そこで今回からは今後の読書モチベーションのために本を紹介していくこととしました。しかし、読書がはかどっていなかった私に紹介できる本は今のところこの以下の本ぐらいでしょうか。
『宮廷文化と民衆文化』世界史リブレット
…薄い本です。今度はごつい本を紹介するので許して…
本書はブルゴーニュからブルボンまでの宮廷文化とフランスの近世民衆文化を取り上げて、その二者がブルジョワ階級の勃興で統合されるところまでを扱っています。とはいっても内容はほぼ宮廷文化で、民衆文化とブルジョワの説明はわずかです。私は民衆文化やブルジョワ文化などより宮廷文化に興味があったので全く問題ありませんでしたが、民衆文化側に興味を持たれている方にはお勧めできないでしょう。ただし18世紀の生活に付随した文化を勉強し始めるためならいいのではないかと思います。
さて軽く各章の内容をお伝えしますと以下のようなものです。
①ブルゴーニュとウルビーノの宮廷
本章で宮廷文化の始まりは15世紀ごろのブルゴーニュであると述べられています。それ以前の宮廷文化、シャルル・マーニュやアリエノール・ダキテーヌと分けたのは武だけではなく文の力を有して形成された文化だからだとしています。晩餐はもちろん、音楽や蔵書、入市式などの儀礼において当時西欧において最も壮麗なことでブルゴーニュは知られていたのです。そのブルゴーニュに次いで紹介されるのはルネサンス期のイタリア宮廷であり、特にウルビーノを中心にしています。宮廷は王の住居であるだけでなく、それまでの修道院や教会に代わる文化の発信地でもあることが様々な部分から語られています。
②フランスの宮廷
宮廷と言えばだれもが思い浮かべるバロックからロココの時代のヴェルサイユ。ベルばらの聖地です。ブルゴーニュやウルビーノが栄えていたころのフランスは、内乱やらペストやらで悲惨な状況でした。それが収まっても宗教改革による動乱が起こり、七転八倒の時代が続きました。そうした状況の中でも着実にルイ14世時代に花開く宮廷文化の下地が出来上がっていることを示しています。特に下積み時代のフランスに特徴的な移動宮廷の記述は興味深いです。そのあとは皆さんご存知の、ヴェルサイユに固定された宮廷文化の王道です。国王の行動がすべて儀式と化す、24時間舞台の上のような生活。
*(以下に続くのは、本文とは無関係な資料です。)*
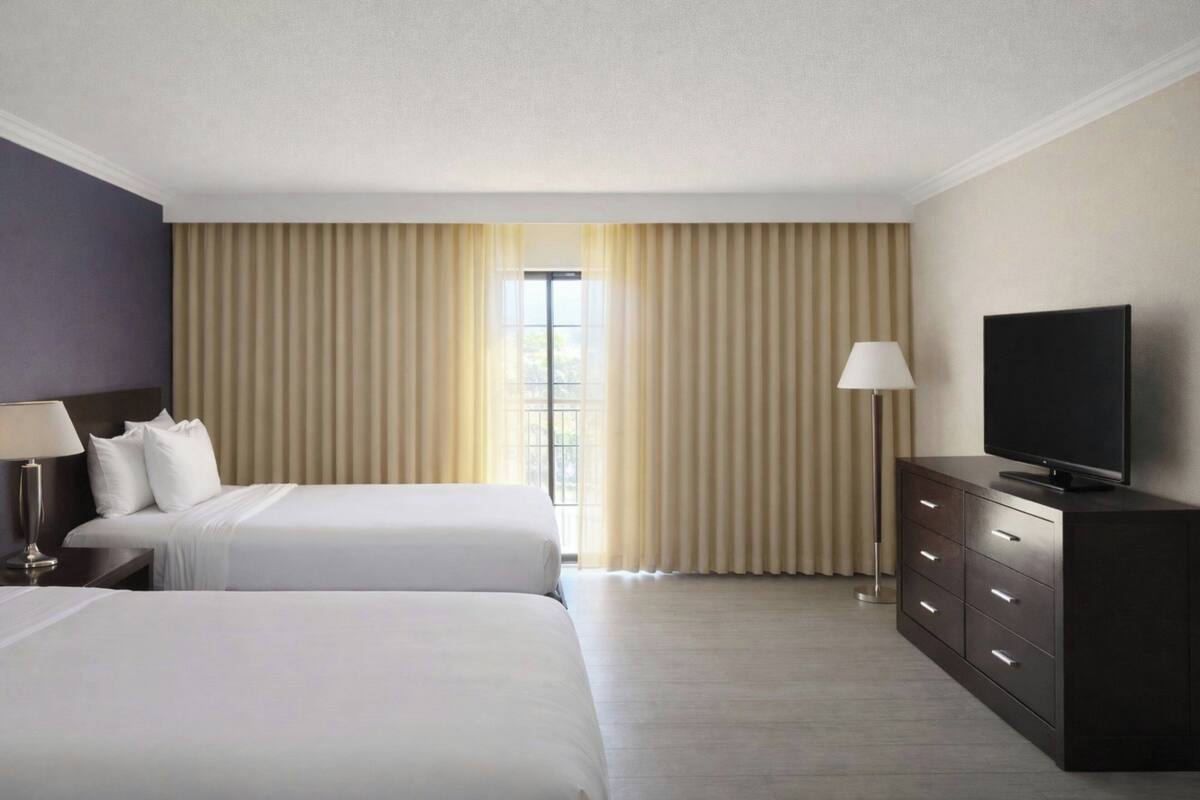 Habitación de hotel con dos camas, un televisor, una lámpara y un ventanal grande con cortinas.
そして収入源を求める貴族たちの阿諛追従。そりゃプチ・トリアノンに農場を作ってのんびりもしたくなりますね。
←プチ・トリアノンです。こっちはヴェルサイユ宮殿。たまに来る分には豪華でいいところですが、ここで暮らせとなれば話は別。
③民衆文化
民衆文化は普段の自分の周りでも何か片鱗が見えてきそうな内容です。不安から逃れるようにお祭りの時には騒ぎ、情けない男は集団でつるし上げて制裁する。暴力性が垣間見える部分もありますが、なんだ人間ってそんなに変わってないんだなと思えます。庶民本の普及で本が非日常を与える役割を担い始めたと書かれているところは、あぁ古き良き時代が去っていくのだなと郷愁を感じずにはいられません。
④ブルジョワ文化による統合
本章はわずか4ページです。放埓な財政が生み出した買官制度により宮廷にやってきたブルジョワが、宮廷外にその高度な文化を持ち出していくというところを説明しているのですが、それがどうやって民衆文化と融合して現代文化になったかまでは説明してはいません。そこからさきは読者が調べる課題なのかもしれません。
と以上のように後半は記述が少ないのですが、その直後に参考文献が列挙されています。初学者にやさしい世界史リブレット、とりあえず何から読んだらいいか悩んだときにぜひおすすめのシリーズです。